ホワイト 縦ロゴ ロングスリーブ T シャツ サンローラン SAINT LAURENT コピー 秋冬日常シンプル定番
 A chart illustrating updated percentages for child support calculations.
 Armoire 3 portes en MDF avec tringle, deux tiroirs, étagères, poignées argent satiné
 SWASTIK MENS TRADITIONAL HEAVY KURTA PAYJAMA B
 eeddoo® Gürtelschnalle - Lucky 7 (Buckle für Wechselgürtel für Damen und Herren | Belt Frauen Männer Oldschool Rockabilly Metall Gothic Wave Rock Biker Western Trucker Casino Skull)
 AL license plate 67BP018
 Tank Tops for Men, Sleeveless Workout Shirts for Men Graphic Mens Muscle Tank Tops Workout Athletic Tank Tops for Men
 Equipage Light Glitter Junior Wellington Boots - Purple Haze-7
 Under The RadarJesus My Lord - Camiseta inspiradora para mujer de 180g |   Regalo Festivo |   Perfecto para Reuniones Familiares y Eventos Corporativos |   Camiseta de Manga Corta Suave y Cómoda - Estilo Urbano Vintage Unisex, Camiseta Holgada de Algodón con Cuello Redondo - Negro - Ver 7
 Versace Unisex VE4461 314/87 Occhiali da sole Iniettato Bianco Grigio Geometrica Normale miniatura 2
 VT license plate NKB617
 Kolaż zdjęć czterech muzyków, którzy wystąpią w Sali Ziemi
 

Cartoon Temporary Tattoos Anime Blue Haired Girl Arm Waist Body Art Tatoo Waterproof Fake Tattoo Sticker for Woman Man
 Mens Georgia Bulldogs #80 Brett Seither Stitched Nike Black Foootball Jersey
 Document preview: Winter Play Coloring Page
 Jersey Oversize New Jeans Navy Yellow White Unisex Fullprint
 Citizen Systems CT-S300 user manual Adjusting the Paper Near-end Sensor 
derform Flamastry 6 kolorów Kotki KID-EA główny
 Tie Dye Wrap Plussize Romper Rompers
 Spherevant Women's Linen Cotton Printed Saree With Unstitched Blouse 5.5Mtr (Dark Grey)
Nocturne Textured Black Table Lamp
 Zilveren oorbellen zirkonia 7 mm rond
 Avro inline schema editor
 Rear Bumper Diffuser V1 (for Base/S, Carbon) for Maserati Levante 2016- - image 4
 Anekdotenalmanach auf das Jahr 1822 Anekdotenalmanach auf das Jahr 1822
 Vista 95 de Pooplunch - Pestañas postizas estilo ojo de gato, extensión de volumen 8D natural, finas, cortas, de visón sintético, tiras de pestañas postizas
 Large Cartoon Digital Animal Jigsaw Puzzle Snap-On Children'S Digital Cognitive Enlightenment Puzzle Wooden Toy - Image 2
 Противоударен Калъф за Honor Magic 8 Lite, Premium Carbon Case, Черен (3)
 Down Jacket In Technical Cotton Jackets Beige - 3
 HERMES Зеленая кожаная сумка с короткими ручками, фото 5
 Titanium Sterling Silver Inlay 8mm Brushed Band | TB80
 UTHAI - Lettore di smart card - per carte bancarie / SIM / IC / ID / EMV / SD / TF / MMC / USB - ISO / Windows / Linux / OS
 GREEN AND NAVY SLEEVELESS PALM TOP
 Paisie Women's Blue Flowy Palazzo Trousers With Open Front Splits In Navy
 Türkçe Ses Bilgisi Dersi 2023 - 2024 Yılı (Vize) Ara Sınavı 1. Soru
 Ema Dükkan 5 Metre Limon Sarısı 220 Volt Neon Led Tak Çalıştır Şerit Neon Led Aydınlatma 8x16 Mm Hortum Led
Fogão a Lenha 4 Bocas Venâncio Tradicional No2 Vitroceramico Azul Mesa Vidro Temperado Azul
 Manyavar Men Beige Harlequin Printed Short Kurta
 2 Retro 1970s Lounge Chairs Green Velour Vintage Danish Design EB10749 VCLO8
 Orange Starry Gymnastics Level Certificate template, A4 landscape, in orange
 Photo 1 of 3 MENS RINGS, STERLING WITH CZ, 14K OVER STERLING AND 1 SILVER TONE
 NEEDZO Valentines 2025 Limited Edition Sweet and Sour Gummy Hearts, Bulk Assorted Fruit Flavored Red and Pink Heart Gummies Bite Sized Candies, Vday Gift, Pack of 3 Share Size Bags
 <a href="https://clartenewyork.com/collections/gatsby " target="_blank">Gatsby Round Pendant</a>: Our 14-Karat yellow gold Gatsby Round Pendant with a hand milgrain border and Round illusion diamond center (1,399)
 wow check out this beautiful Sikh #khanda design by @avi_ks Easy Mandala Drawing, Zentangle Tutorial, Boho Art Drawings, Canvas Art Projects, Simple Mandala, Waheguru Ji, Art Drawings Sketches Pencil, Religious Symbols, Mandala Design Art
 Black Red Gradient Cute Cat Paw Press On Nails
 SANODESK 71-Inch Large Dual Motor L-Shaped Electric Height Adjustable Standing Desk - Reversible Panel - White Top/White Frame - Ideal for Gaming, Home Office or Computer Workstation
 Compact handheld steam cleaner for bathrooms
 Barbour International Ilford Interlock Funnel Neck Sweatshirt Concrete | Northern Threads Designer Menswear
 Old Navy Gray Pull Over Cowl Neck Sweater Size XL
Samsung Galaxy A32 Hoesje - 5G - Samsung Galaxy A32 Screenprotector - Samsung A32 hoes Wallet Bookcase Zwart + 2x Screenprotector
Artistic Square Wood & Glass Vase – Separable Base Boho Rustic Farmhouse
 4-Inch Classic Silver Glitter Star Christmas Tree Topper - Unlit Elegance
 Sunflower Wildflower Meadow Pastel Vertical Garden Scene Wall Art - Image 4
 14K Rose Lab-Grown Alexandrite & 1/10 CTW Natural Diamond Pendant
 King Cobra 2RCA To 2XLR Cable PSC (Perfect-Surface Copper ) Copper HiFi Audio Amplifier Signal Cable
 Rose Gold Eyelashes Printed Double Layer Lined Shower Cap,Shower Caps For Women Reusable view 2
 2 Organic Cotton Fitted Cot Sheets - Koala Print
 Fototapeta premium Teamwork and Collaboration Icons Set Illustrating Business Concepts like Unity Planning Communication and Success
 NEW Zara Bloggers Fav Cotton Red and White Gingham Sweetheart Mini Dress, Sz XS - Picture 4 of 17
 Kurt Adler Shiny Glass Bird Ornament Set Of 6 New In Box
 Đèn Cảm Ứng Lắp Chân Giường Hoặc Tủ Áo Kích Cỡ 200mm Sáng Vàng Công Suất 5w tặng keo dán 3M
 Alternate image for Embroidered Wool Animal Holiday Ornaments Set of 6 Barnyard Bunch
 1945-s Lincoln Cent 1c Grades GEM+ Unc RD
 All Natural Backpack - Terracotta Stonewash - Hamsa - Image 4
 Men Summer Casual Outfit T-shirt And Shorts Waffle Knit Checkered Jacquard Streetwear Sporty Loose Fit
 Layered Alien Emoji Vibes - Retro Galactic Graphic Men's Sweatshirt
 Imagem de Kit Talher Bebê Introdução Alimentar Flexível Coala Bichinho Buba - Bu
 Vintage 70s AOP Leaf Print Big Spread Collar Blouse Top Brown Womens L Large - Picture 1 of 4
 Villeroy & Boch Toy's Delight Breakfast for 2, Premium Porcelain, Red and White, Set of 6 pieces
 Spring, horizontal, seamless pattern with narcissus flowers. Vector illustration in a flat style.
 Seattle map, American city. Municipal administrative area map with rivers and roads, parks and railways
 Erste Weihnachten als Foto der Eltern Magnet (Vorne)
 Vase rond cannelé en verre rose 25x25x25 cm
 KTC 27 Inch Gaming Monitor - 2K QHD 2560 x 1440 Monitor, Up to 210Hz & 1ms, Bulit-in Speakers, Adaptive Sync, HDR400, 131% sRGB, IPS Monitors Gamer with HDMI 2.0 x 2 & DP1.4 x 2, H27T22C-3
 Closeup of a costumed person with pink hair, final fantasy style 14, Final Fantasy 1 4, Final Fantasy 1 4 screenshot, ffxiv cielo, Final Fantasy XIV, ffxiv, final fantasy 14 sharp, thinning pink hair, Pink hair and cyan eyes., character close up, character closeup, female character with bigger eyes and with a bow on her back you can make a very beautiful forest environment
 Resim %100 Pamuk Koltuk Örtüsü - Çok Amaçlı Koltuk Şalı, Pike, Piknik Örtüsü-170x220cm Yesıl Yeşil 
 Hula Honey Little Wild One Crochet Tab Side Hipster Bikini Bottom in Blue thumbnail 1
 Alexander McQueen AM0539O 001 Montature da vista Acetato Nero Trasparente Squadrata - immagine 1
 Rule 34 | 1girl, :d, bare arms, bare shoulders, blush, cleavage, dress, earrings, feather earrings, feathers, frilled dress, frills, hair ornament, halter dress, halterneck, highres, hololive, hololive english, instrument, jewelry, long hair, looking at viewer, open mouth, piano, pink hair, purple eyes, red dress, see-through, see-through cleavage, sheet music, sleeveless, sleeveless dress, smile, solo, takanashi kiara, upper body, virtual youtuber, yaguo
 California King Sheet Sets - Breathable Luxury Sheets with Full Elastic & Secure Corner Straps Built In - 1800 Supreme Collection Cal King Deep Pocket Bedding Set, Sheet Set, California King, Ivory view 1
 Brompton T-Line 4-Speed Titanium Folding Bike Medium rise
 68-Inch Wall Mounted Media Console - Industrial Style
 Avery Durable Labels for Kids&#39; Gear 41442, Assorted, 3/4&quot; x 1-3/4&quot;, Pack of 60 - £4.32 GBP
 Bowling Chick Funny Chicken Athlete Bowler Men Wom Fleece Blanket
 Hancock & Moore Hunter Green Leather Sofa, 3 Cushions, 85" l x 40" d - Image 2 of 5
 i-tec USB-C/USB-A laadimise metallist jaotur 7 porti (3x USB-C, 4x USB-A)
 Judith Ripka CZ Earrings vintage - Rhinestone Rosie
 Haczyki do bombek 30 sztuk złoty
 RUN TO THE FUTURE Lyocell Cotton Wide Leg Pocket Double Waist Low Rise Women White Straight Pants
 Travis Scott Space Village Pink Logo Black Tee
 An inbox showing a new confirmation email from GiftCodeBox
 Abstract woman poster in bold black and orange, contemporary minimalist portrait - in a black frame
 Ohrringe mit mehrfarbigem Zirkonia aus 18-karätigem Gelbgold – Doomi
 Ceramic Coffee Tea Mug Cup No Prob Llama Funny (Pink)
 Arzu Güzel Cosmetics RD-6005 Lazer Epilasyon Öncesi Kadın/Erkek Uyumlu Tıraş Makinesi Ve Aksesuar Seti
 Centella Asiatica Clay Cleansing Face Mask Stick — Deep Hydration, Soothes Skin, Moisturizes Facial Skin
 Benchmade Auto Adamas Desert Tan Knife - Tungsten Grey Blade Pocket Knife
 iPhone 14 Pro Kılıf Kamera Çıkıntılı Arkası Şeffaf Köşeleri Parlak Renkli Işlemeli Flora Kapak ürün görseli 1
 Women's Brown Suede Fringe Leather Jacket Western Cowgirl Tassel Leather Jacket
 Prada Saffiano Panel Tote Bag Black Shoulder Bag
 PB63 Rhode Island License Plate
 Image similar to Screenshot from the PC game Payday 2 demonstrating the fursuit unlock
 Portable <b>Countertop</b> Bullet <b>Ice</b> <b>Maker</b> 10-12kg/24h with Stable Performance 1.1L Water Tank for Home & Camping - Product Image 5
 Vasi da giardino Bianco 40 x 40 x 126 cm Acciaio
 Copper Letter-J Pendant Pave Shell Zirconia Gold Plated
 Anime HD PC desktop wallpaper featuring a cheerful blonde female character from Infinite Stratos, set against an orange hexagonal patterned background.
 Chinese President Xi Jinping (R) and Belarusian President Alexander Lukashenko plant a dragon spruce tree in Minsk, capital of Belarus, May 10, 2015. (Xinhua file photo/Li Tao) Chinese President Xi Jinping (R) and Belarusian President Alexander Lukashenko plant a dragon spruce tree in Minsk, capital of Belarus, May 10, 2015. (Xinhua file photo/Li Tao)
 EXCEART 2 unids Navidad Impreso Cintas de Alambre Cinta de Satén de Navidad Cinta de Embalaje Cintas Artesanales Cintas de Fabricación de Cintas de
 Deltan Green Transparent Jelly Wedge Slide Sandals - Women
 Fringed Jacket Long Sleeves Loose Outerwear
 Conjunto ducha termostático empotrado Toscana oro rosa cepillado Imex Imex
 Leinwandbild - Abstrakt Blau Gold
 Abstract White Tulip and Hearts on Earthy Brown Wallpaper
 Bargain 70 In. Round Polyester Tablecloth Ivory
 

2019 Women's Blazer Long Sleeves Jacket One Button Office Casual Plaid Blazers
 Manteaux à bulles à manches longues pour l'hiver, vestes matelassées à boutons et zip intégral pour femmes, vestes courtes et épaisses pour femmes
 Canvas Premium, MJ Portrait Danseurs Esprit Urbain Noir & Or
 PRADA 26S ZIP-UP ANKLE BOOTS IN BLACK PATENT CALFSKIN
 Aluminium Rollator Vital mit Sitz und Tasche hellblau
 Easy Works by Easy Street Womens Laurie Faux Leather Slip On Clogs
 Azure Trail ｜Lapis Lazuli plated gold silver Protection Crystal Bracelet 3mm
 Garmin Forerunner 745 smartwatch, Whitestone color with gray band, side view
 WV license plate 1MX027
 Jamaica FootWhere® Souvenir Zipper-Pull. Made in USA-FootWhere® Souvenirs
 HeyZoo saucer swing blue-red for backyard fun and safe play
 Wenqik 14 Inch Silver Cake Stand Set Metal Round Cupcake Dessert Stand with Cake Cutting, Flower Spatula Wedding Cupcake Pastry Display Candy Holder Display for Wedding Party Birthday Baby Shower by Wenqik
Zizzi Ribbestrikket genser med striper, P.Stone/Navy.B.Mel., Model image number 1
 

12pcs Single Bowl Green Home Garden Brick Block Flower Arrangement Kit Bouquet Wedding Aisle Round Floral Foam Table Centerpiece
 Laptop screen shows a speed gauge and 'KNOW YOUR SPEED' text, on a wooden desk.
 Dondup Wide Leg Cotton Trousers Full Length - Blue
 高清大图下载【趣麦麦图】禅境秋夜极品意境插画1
════════════════════
• **Directions for this task**
Only one stretch is wanted, so please give again exactly the lines from the start of the data through the line containing "Kolaż zdjęć czterech", both ends included.

• **Expected answer**
ホワイト 縦ロゴ ロングスリーブ T シャツ サンローラン SAINT LAURENT コピー 秋冬日常シンプル定番
 A chart illustrating updated percentages for child support calculations.
 Armoire 3 portes en MDF avec tringle, deux tiroirs, étagères, poignées argent satiné
 SWASTIK MENS TRADITIONAL HEAVY KURTA PAYJAMA B
 eeddoo® Gürtelschnalle - Lucky 7 (Buckle für Wechselgürtel für Damen und Herren | Belt Frauen Männer Oldschool Rockabilly Metall Gothic Wave Rock Biker Western Trucker Casino Skull)
 AL license plate 67BP018
 Tank Tops for Men, Sleeveless Workout Shirts for Men Graphic Mens Muscle Tank Tops Workout Athletic Tank Tops for Men
 Equipage Light Glitter Junior Wellington Boots - Purple Haze-7
 Under The RadarJesus My Lord - Camiseta inspiradora para mujer de 180g |   Regalo Festivo |   Perfecto para Reuniones Familiares y Eventos Corporativos |   Camiseta de Manga Corta Suave y Cómoda - Estilo Urbano Vintage Unisex, Camiseta Holgada de Algodón con Cuello Redondo - Negro - Ver 7
 Versace Unisex VE4461 314/87 Occhiali da sole Iniettato Bianco Grigio Geometrica Normale miniatura 2
 VT license plate NKB617
 Kolaż zdjęć czterech muzyków, którzy wystąpią w Sali Ziemi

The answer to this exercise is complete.